▸ Brief: Skip the images; return every entry exactly.

▸ Captioned web images:
--- --- ---

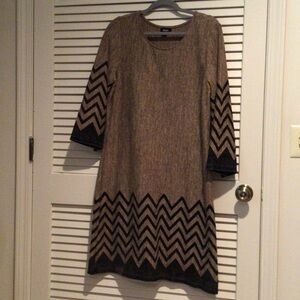 Tacera Long Sleeve Dress with Chevron Design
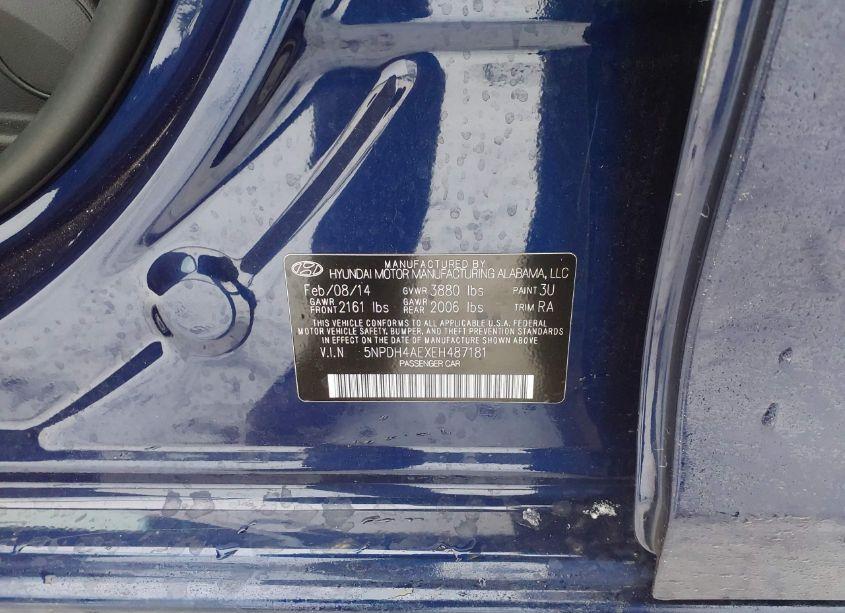 Photo 9 of 2014 Hyundai Elantra SE (VIN 5NPDH4AEXEH487181)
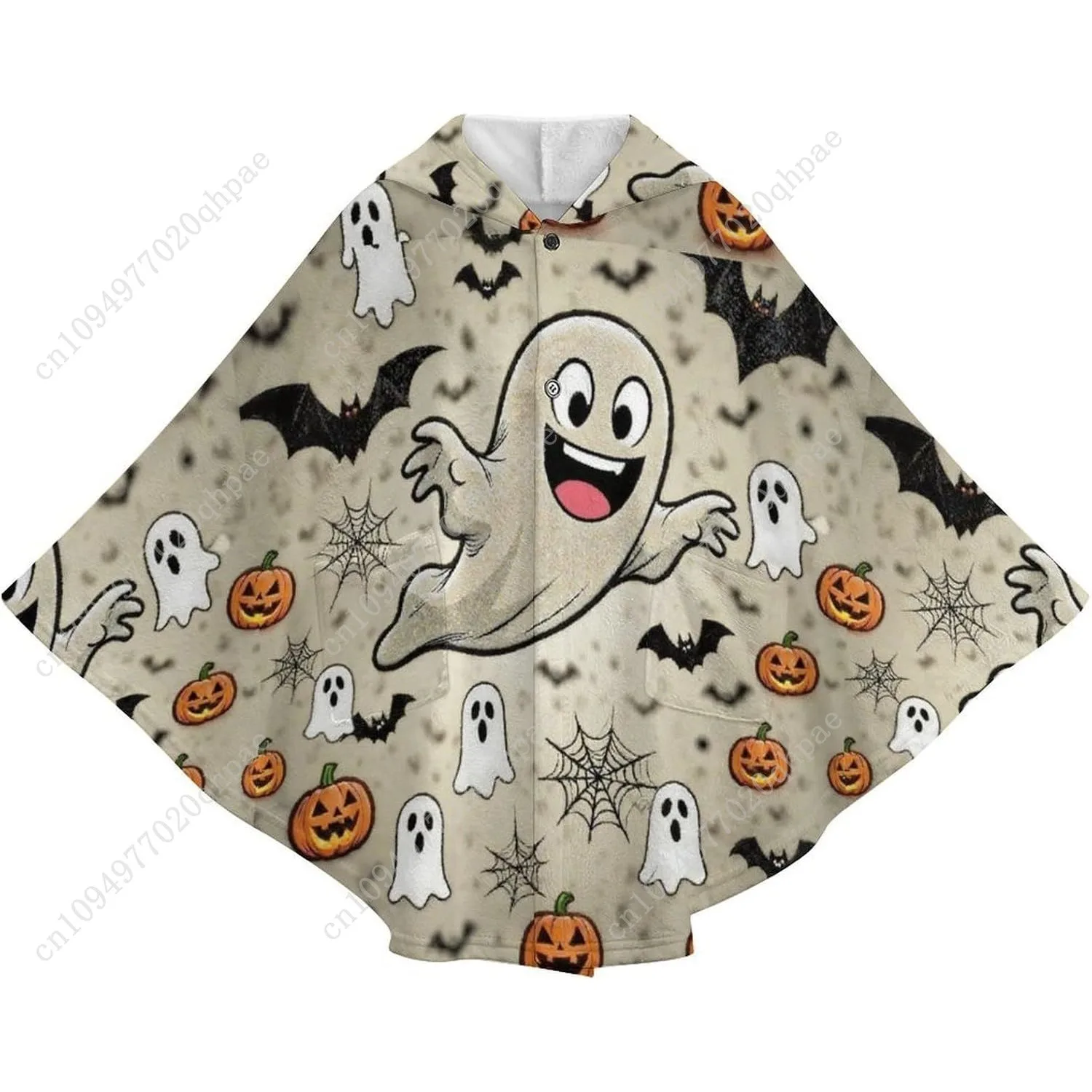 Pull de couverture en flanelle confortable, sweat à capuche surdimensionné avec toile d'araignée fantôme de citrouille d'halloween avec poches pour enfants et adolescents
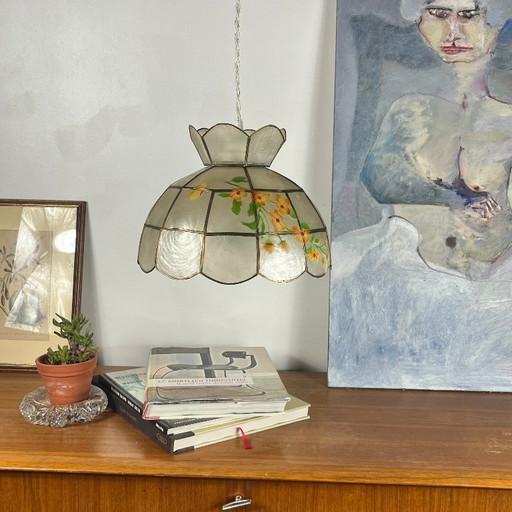 Hanglamp kroonluchter van capiz parelmoer met bloemen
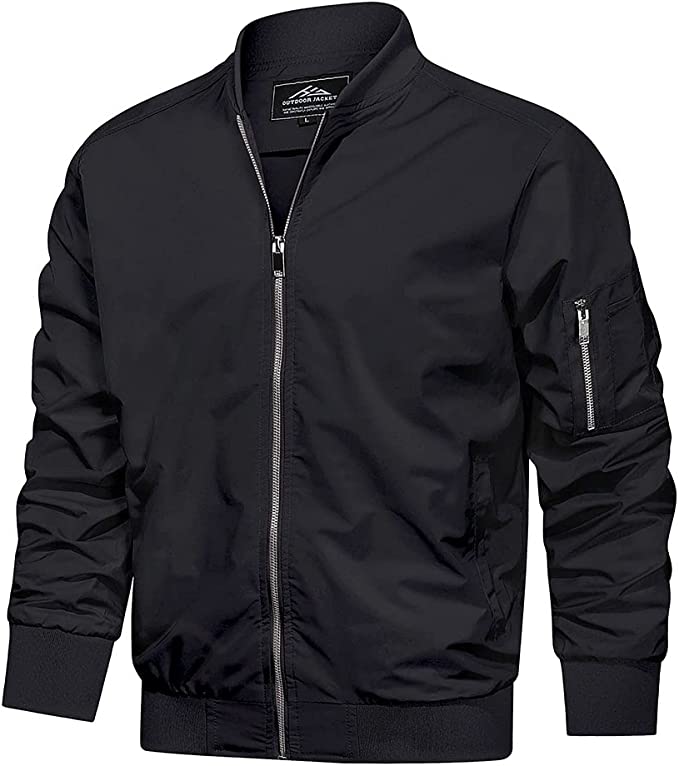 Men's Slim Fit Lightweight Softshell Flight Bomber Jacket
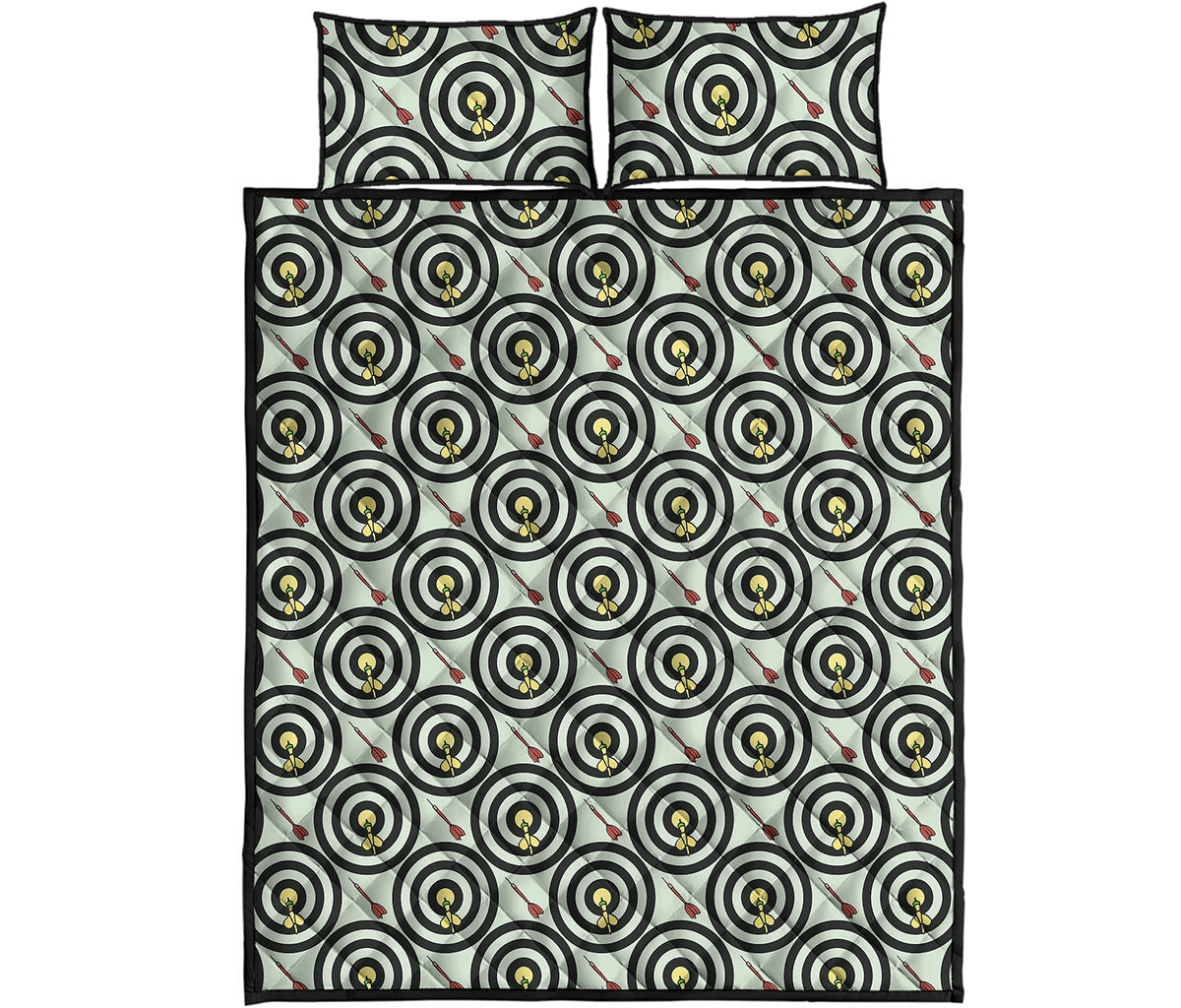 Dartboard Cartoon Pattern Print Quilt Bed Set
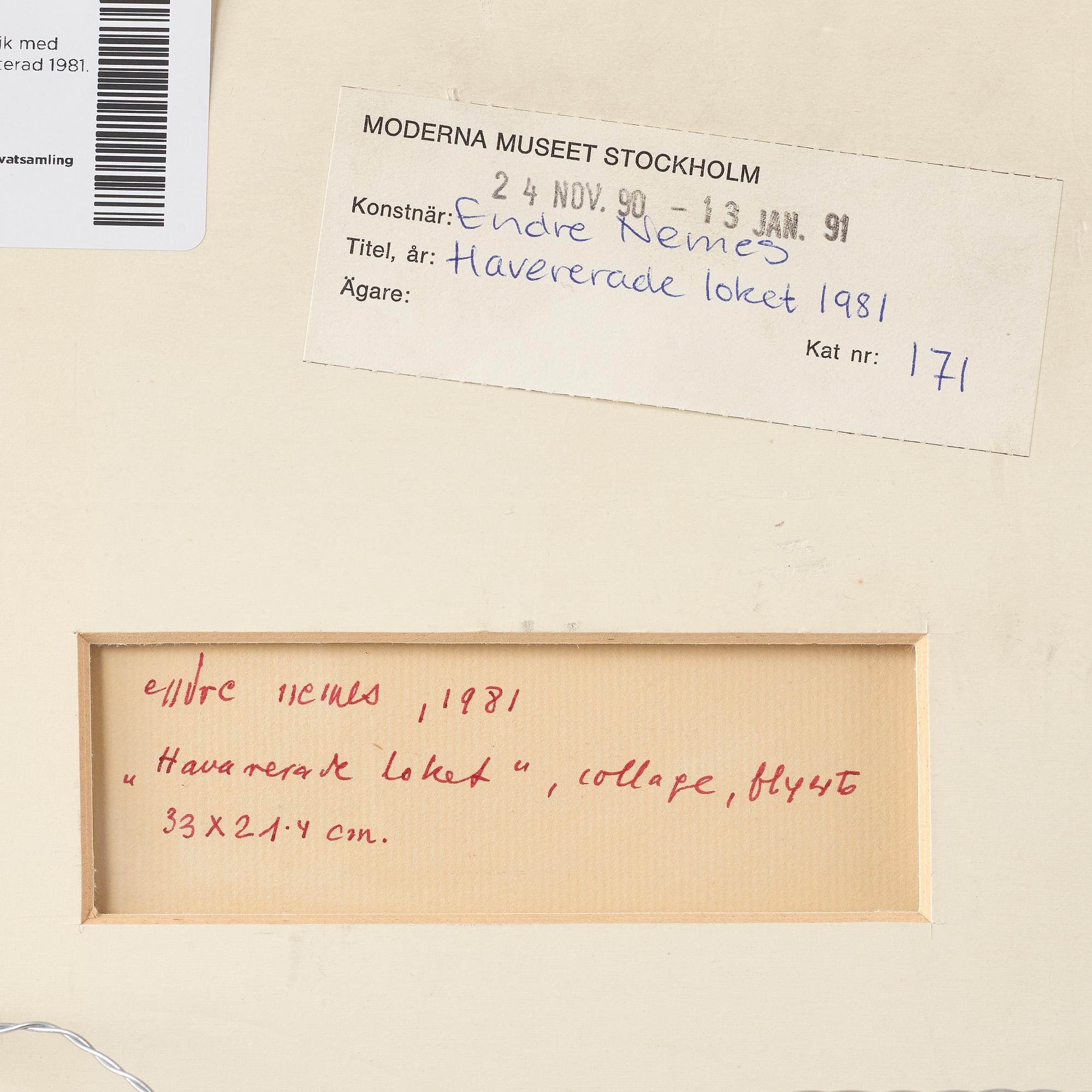 Endre Nemes, blandteknik med collage, signerad och daterad 1981.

--- --- ---

▸ Solution to this problem:
 Tacera Long Sleeve Dress with Chevron Design
 Photo 9 of 2014 Hyundai Elantra SE (VIN 5NPDH4AEXEH487181)
 Pull de couverture en flanelle confortable, sweat à capuche surdimensionné avec toile d'araignée fantôme de citrouille d'halloween avec poches pour enfants et adolescents
 Hanglamp kroonluchter van capiz parelmoer met bloemen
 Men's Slim Fit Lightweight Softshell Flight Bomber Jacket
 Dartboard Cartoon Pattern Print Quilt Bed Set
 Endre Nemes, blandteknik med collage, signerad och daterad 1981.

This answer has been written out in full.